He will come into my life like a comic book superhero, because he will be smooth enough to pull off a suit and tie, but clumsy enough to make me feel comfortable. And he will be strong. Strong enough to lift me up when the world tells me that I’m not good enough to breathe today, strong enough to take my hand and pull me out of the sea of negativity that I sometimes find myself swimming in, and strong enough to be proud of me for doing the best that I can. And he will be safe, safe enough to share all of my flaws with and safe enough to know that he will never throw them back in my face even though I will probably deserve it.
He will come into my life like a slow jam. Because he will know the exact rhythm that my heart beats to and he will know all of the words to my body’s song. Words like curvy and soft, supple and warm. He will know when to speed up, and when to slow down, and when to stop and let me catch my breath so I can take an escalator down from the cloud he placed me on. He will have hands that play me like piano keys and fingers that pluck my strings of passion the way Carlos Santana might play the guitar at a bonfire on a summer night.

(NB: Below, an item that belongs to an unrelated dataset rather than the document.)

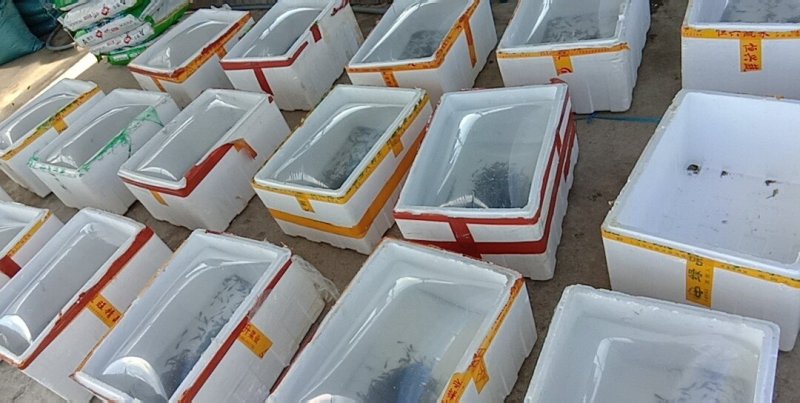 草鱼苗各种规格抗病毒全国包活发货皖鱼苗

He will come into my life like a book of poetry. Because he will be filled with pages describing how my lips taste like the best parts of all of the seasons, like cotton candy, parades, peppermint, and resurrection. He’ll have verses about how my hair reminds him of outer space because it is dark and shiny and makes him want to reach for something higher. He’ll have poems about how I remind him of mother earth because when he is with me he only thinks about wanting to grow into a better person. But he will already be the best.
He will come into my life like punctuation. Because he will understand that the curve of a question mark is nothing more than a winding road to the right answer. He will understand that hungry exclamation points lead to ardent evenings and rumpled sheets. And he will know that, together, we are a perfect statement, period.